She is a woman director in an overwhelmingly male profession, and she is emphatically Jewish in a country and industry in which such affirmation is hardly the norm. Her parents are religiously observant.
After a Golden Globe win for the year’s best foreign-language film, Bier, who studied for two years in Jerusalem, was in a strong position to repeat in that category in the Academy Awards. She faced stiff competition from the other four finalists representing Algeria, Canada, Greece and Mexico.
Israel, which seemed close to its first Oscar when its entries made the final five cut in each of the last three years, struck out early with its entry, “The Human Resources Manager.”
Bier, youthful and animated at 50, was born in Denmark, but the fates and persecutions of her forebears in Nazi Germany and czarist Russia have deeply affected her personal and artistic outlooks.
Her paternal grandfather, a real estate executive in Berlin, was farsighted enough to leave Germany for Denmark in 1933, when his son, Susanne’s father, was 2 years old.
Three decades earlier, her mother’s Russian family arrived in Denmark in 1903, the year of the infamous Kishinev pogrom in what is present-day Moldova.
Their secure refuge in Denmark was shattered in 1940, when Nazi armies invaded the country. Both families were saved in the celebrated 1943 boatlift to Sweden, which saved almost all of Denmark’s Jews.
Susanne’s father, then 12, vividly recalled the experience to his daughter. The car in which the family was driving to the boat rendezvous ran out of gas next to a German command post. After a very anxious time, a passing Danish motorist supplied the refugees with fuel.
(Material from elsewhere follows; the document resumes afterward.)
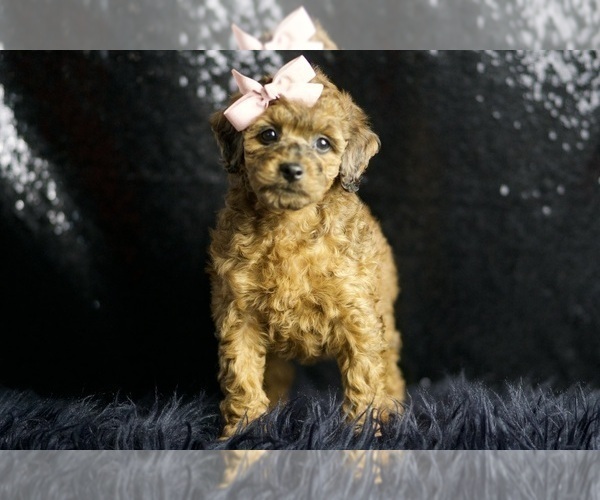 Medium Photo #3 Poodle (Toy) Puppy For Sale in WARSAW, IN, USA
After the Allied victory, both families returned to Denmark, and from their backgrounds and experiences they transmitted two life lessons to Susanne.
“I felt early on that even in the most secure life, there is always the potential for catastrophe,” she said in a recent interview with JTA at the Beverly Wilshire Hotel.
On the reverse side, her parents taught her “to address the world in a positive way,” to look for the good even in evil times, and to deal morally and righteously with others, she said.
Bier grew up as somewhat of a tomboy, preferring soccer scrimmages with the boys to playing with dolls. She was socially awkward, an avid reader and had a creative bent.
Upon finishing high school, she decided to explore her Jewish roots by studying in Israel. She spent half a year at the Hebrew University and one-and-a-half years at the Bezalel Academy of Arts and Design.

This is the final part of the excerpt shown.